Here's the problem I have a hard time solving.
You are given a ciphertext Y and a sequence of cyclic shifts that had produced Y from string Z, the shift with parameters (i, j, k) applies to the substring Z[i..j] (from i-th to j-th character, inclusive) and cyclicly rotates it to the right k times. String characters are numbered starting from one. Given the above information, your task is to guess the initial cleartext X.
Input:
The first line contains the ciphertext, which is a nonempty string consisting of N lowercase English letters (1 ≤ N ≤ 50000). The second line contains the number of shifts M (1 ≤ M ≤ 50000). The following M lines describe the sequence of cyclic shifts (in the order of their application to the cleartext).

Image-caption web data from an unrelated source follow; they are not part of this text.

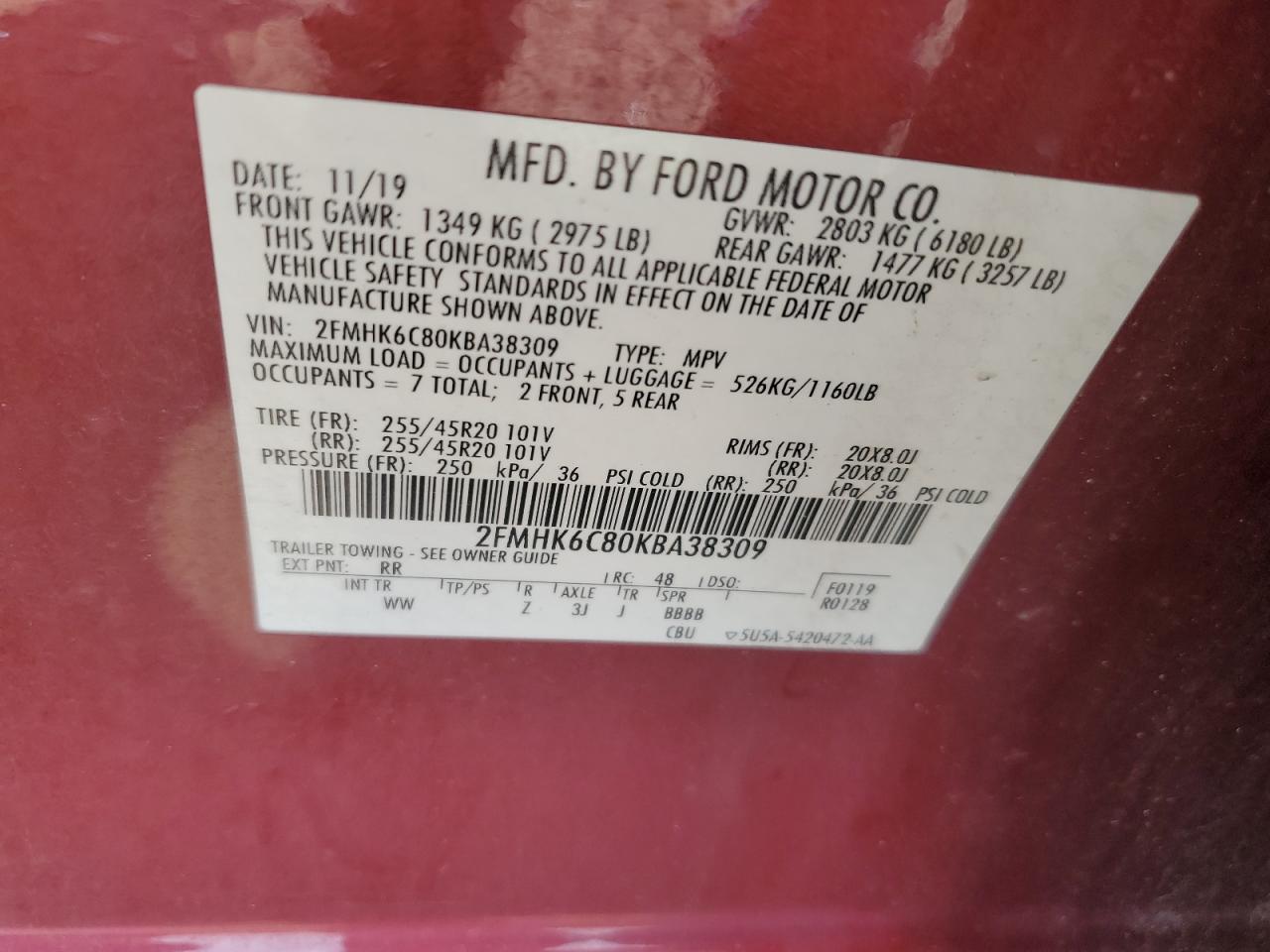 2FMHK6C80KBA38309 2019 Ford Flex Sel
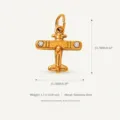 Colgante de avión de acero inoxidable con piedras de cristal, accesorio de joyería, oro. - Colgante de Avión Minimalista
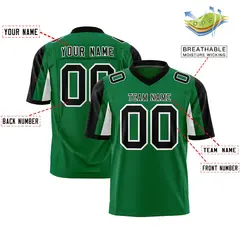 Kelly Green Black-White Color Block Raglan Sleeves Football Jersey 2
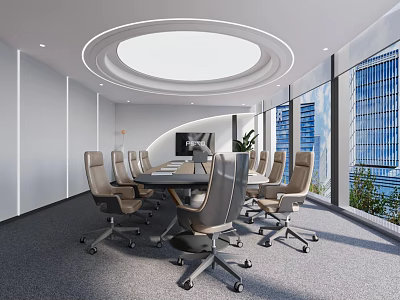 Modern Meeting Room With Circular Ceiling Large Windows Conference Table Office Chairs And Green Plants 3d model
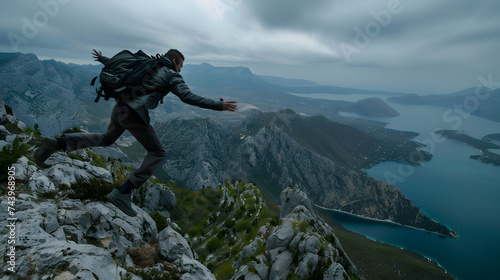 An adventurer ascending a rugged mountain terrain at dusk with an ocean backdrop. 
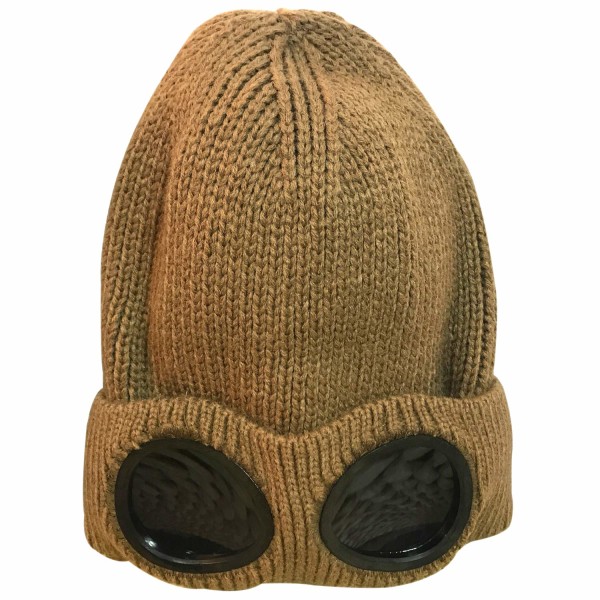 Unisex Goggle Beanie Stickad Vinter Chunky Beanie Hat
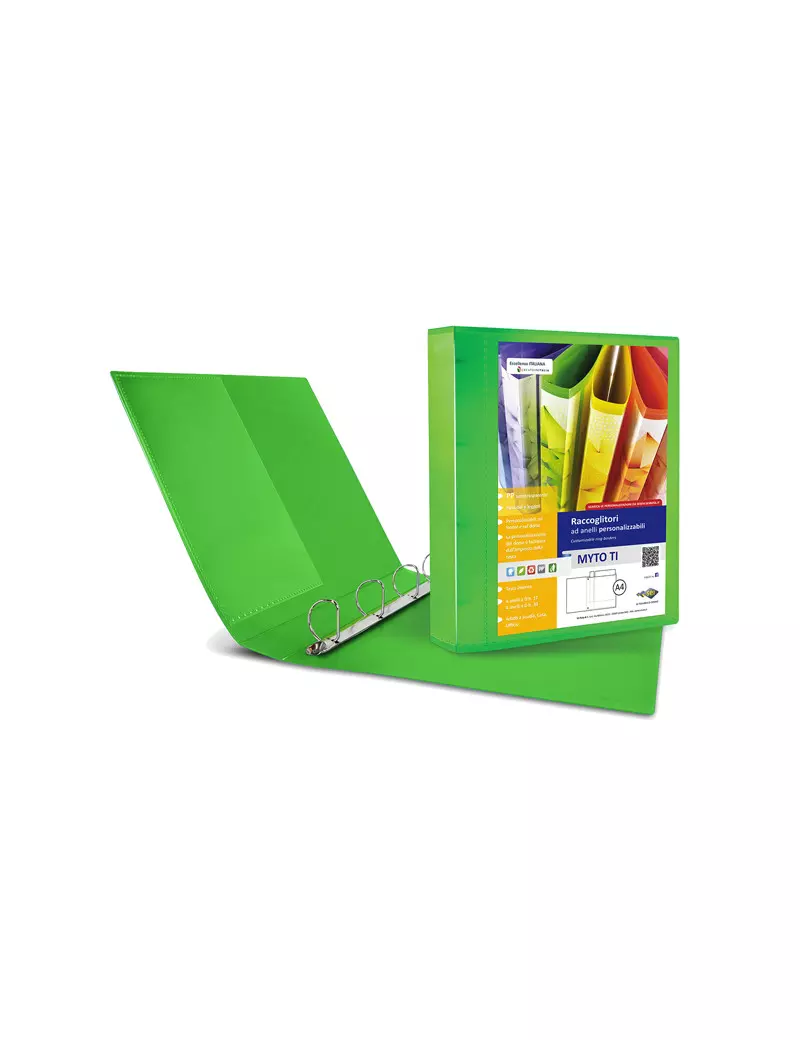 Raccoglitore Personalizzabile Myto TI Sei Rota - A4 - 4 Anelli a D 17 mm - 36911745 (Verde) Raccoglitore Personalizzabile Myto TI Sei Rota - A4 - 4 Anelli a D 17 mm - 36911745 (Verde)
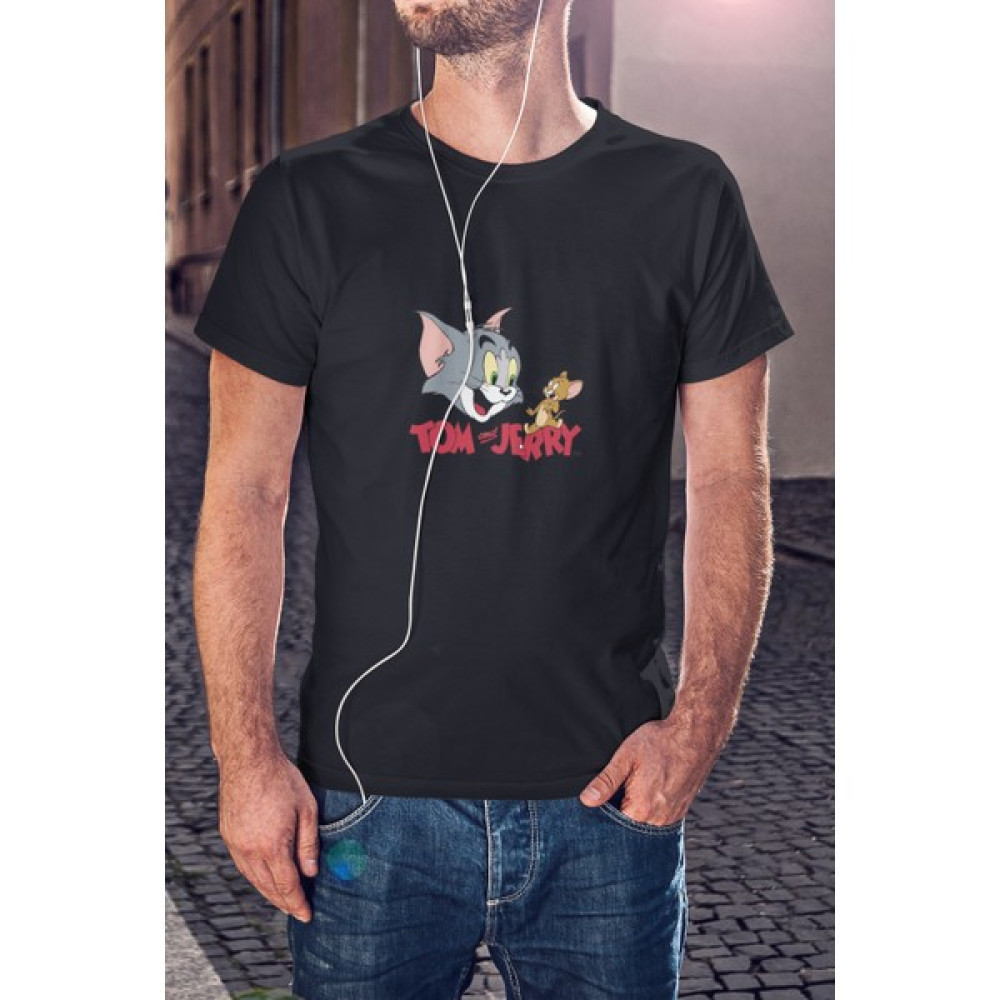 Kio Tasarım Tom ve Jerry Çizgi Film Karakterleri Baskılı Tişört Erkek Pamuk Sevgililer-Doğum-Günü Hediye Erkek T-shirt Fiyatı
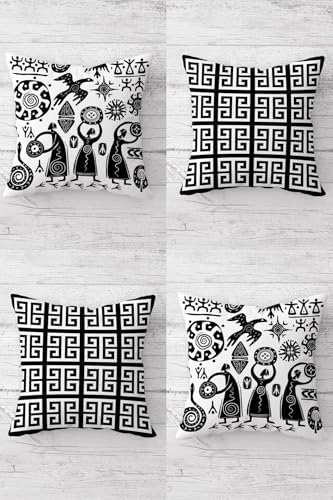 Etnik Bohemian Maya Desenli Gizli Fermuarlı Kırlent Kılıfı Koltuk Yastık Kılıfı Takım(4adet), Beyaz-Siyah 45 x 45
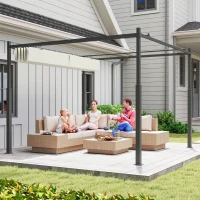 Outsunny Pérgola de Jardim 298x298x230 cm com Teto Retráctil e Acessório Magnético Pérgola de Jardim com Proteção UV30+ Creme(m-8)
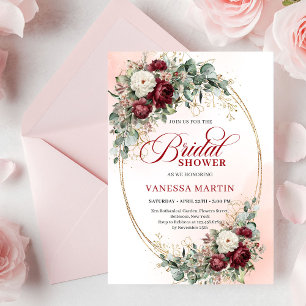 Invitation de mariage romantique Marsala Floral Go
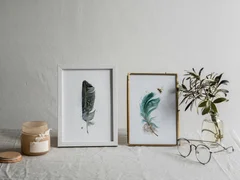 Image of a feather watercolor painting by Shayna Larsen, originals & prints available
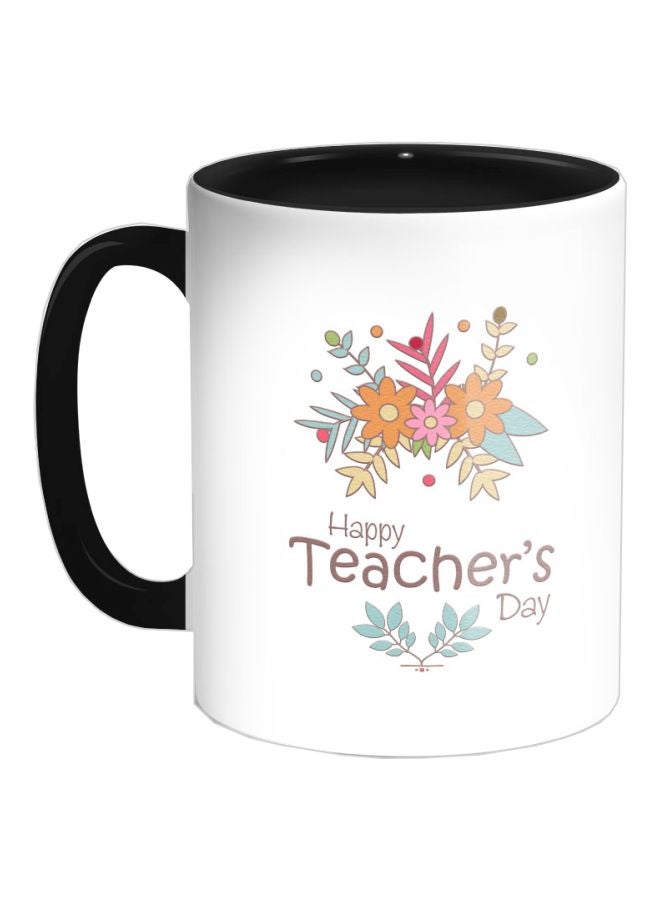 Decalac Happy Teacher's Day Printed Coffee Mug Black/White/Pink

Each shift is described by three parameters i, j, k (1 ≤ i < j ≤ N, 1 ≤ k ≤ j − i).
Example of input:
logoduck
3
1 3 1
4 5 1
1 4 1
As output you should provide the deciphered text (``goodluck'' for example).
The obvious approach is to try and reverse each shift starting from the last one. It seems that this approach is not time-efficient. However, I can't come up with any ideas how to do it any other way, so any help is appreciated.
I attach my code:
#include <iostream>
#include <vector>
#include <string>
int main() {
std::string message;
std::cin >> message;
int number_of_elements = message.size();
int elements[number_of_elements];
for (int i = 0; i < number_of_elements; ++i) {
elements[i] = i;
}
int number_of_shifts;
std::cin >> number_of_shifts;
std::vector<std::vector<int>> shifts(number_of_shifts);
for (int iterator = 0; iterator < number_of_shifts; ++iterator) {
int left, right, by;
std::cin >> left >> right >> by;
--left;
--right;
shifts[iterator].push_back(left);
shifts[iterator].push_back(right);
shifts[iterator].push_back(by);
}
for (int iterator = number_of_shifts - 1; -1 < iterator; --iterator) {
int current[number_of_elements];
int left, right, by;
left = shifts[iterator][0];
right = shifts[iterator][1];
by = shifts[iterator][2];
for (int j = right; left - 1 < j; --j) {
if (j - by < left) {
current[right + 1 - (left - (j - by))] = elements[j];
} else {
current[j - by] = elements[j];
}
}
for (int j = left; j < right + 1; ++j) {
elements[j] = current[j];
}
}
for (int i = 0; i < number_of_elements; ++i) {
std::cout << message.substr(elements[i], 1);
}
return 0;
}
You can do this in O(M log N) time using a data structure called a "rope", which is like a string that supports splitting and concatenation in O(log N) time: https://en.wikipedia.org/wiki/Rope_(data_structure)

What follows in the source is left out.